→ **Brief descriptive captions**:
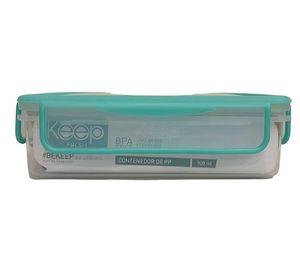 HERMETICO PP 900ML RECTANGULAR  VERDE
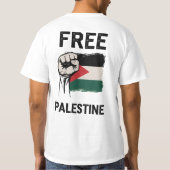 Vrij Palestina T-shirt (Achterkant)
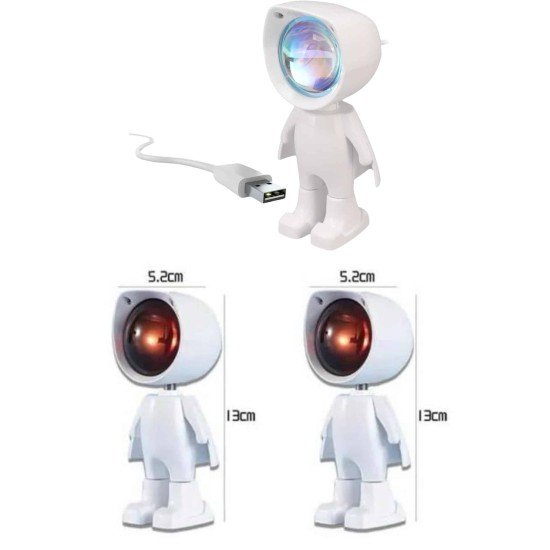 Astronot Işık Projektörü Gökkuşağı Projeksiyon Gece Lambası Hediyelik Astronot Işık Projektörü Gökkuşağı Projeksiyon Gece Lambası Hediyelik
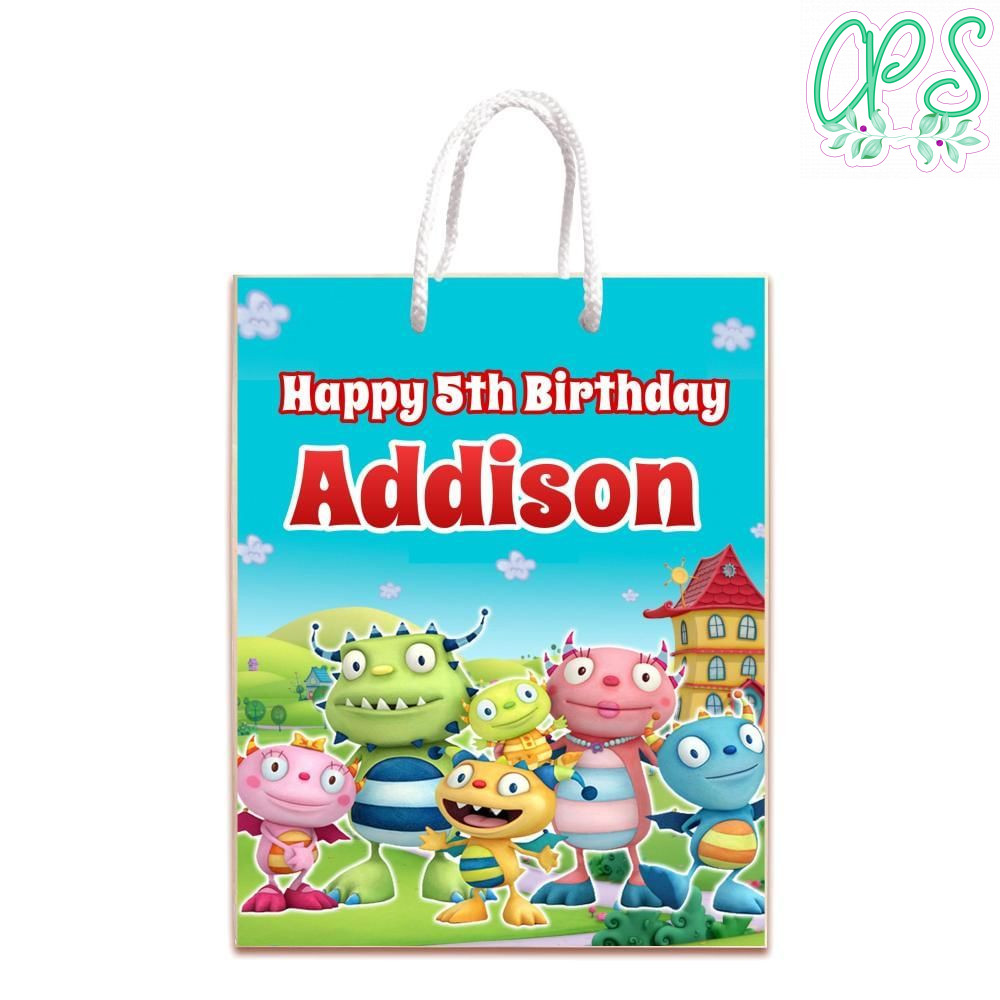 Henry Hugglemonster Gift Bag Label Template Printable Instant Download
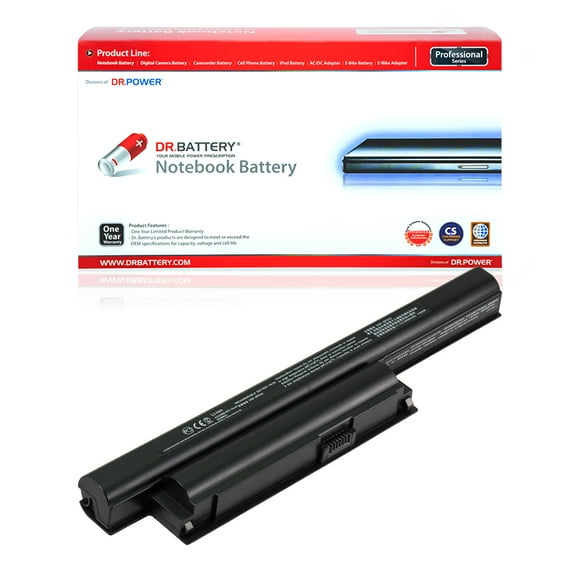 DR. BATTERY - Replacement for Sony VAIO VPC-EB11FD / VPC-EB18 / VPC-EB1JFX / L / VGP-BPL22 / VGP-BPS22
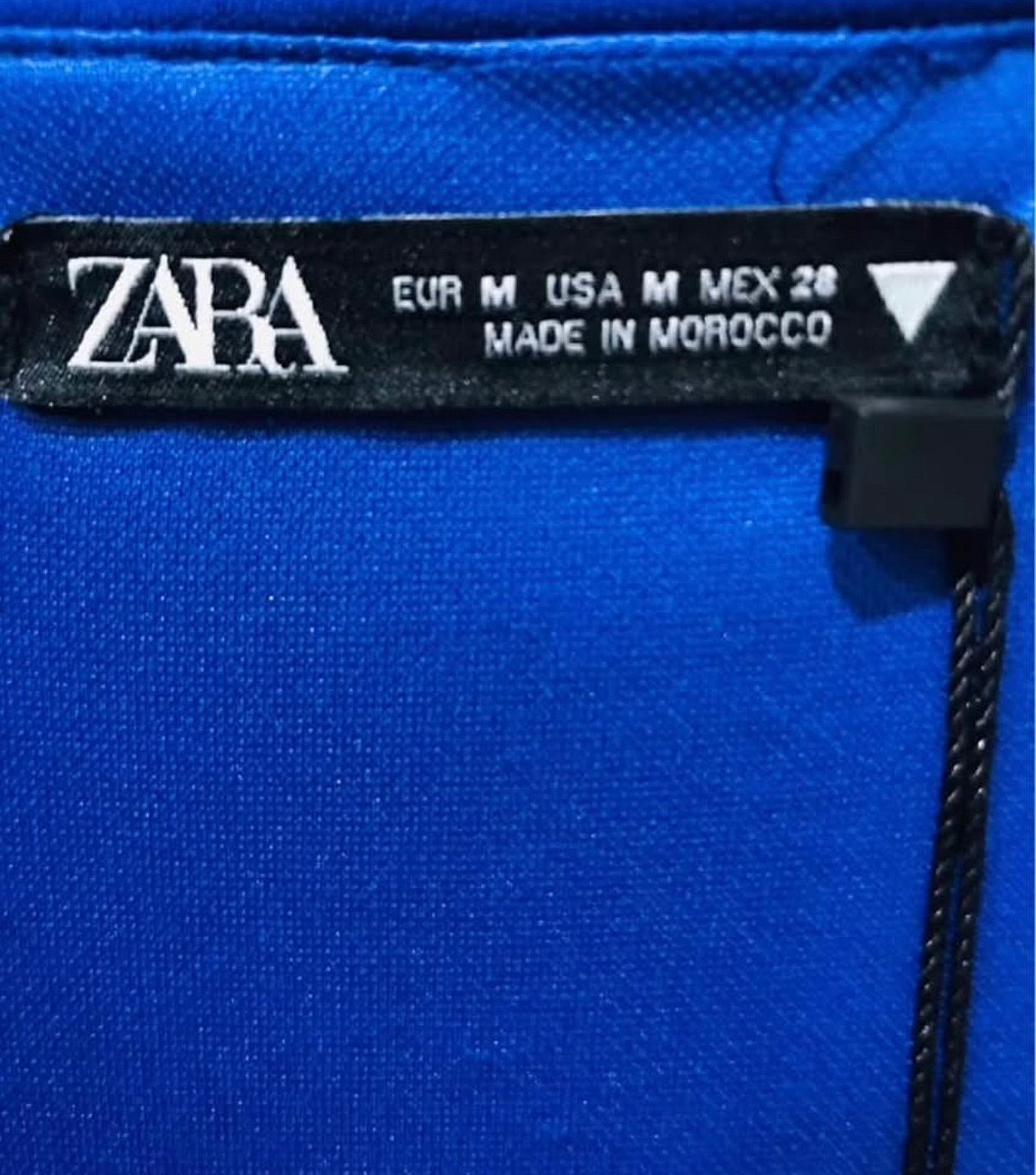 Vestido com franzidos da Zara em azul real - photo 3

→ **Exercise directions**:
Starting with the top line, write out all the data above exactly; keep the pictures out.

→ **Solution for this problem**:
 HERMETICO PP 900ML RECTANGULAR  VERDE
 Vrij Palestina T-shirt (Achterkant)
 Astronot Işık Projektörü Gökkuşağı Projeksiyon Gece Lambası Hediyelik Astronot Işık Projektörü Gökkuşağı Projeksiyon Gece Lambası Hediyelik
 Henry Hugglemonster Gift Bag Label Template Printable Instant Download
 DR. BATTERY - Replacement for Sony VAIO VPC-EB11FD / VPC-EB18 / VPC-EB1JFX / L / VGP-BPL22 / VGP-BPS22
 Vestido com franzidos da Zara em azul real - photo 3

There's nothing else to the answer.